There were, however, times in college when we abandoned the simplicity of beer and ventured into the more perilous region of hard liquor, and for that I must blame Mountaineer football.
For games at old Mountaineer Field, the drink of choice for our group was rum, specifically Bacardi’s rum. Every home football Saturday started with a pilgrimage down High Street to the state store.
That was back when the state ran the liquor outlets, which meant the stores resembled a down-and-out retailer about to close for good. The bottles were lined up on bland beige shelves.
Racks of plumbing fixtures were more interesting. There were no catchy or colorful signs like you see in the privately operated stores today with scantily clad women or buff young men pitching chocolate martinis.
For me, buying liquor in the sterile old state stores, even though I was of age (which was 18 then), made me feel as though I was doing something illegal, if not immoral.
But back to the rum. Our brand loyalty was based less on the taste than on design.
Bacardi’s pint bottles were narrow with rounded edges. I imagined that someone in the company’s design department was trying to create something aesthetically pleasing, but in doing so they also came up with a bottle that fit comfortably and securely between the waist of your jeans and your lower back.
That meant you could walk easily into old Mountaineer Field with your rum undetected.
Once in and securely tucked into the bowl with other like-minded students, the bar was open. A large Coke and one pint of rum could last a whole game, though by the end the ice was melted, the paper cup was breaking apart and, well, things were getting a little fuzzy.
After the game, the bowl of the old stadium would be littered with liquor bottles, including lots of those Bacardi pints. It was a scene that would have brought a tear to the eye of ol’ man Bacardi, if there were such a person.
The end of college brought the end of my rum drinking. It just didn’t taste the same, leaving me to conclude that the wonderfully illicit sweetness of my rum and Cokes were all about time and place.

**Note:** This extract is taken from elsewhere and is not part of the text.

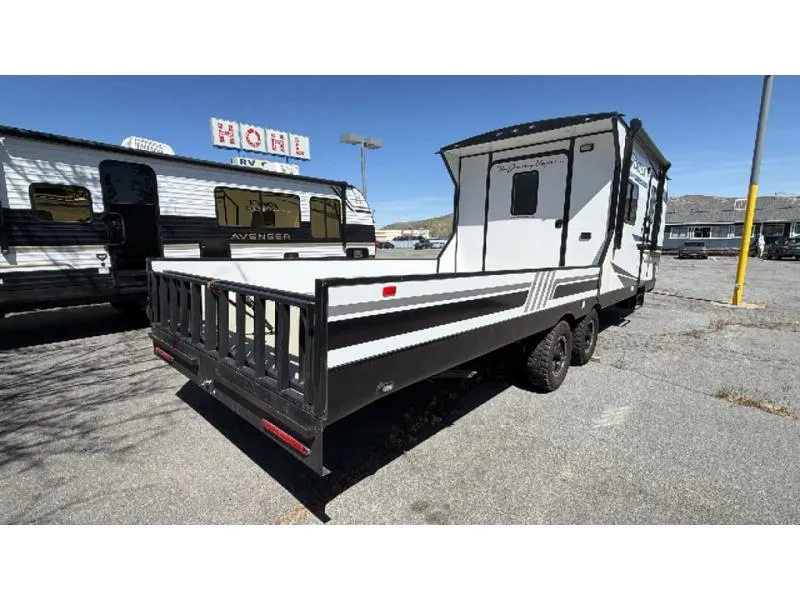 2025 Genesis Supreme OVERNIGHTER Used    M-12-14.6VFK - Photo 3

I tried a rum drink again recently, but it didn’t go well. It was at a restaurant in Morgantown and I ordered a mojito, only I pronounced “mo-GEE-to.” The waitress coolly asked, “Do you mean a “mo-HE-to?”
I’m sorry. I’ve missed a lot of the new drink creations. When it comes to liquor, I’m still wandering around the old state store, comparing price vs. volume and looking for a bottle with a svelte design.
If only the waiter has come out from behind the bar and pulled a pint of Bacardi’s from behind his back, then I could have ordered correctly.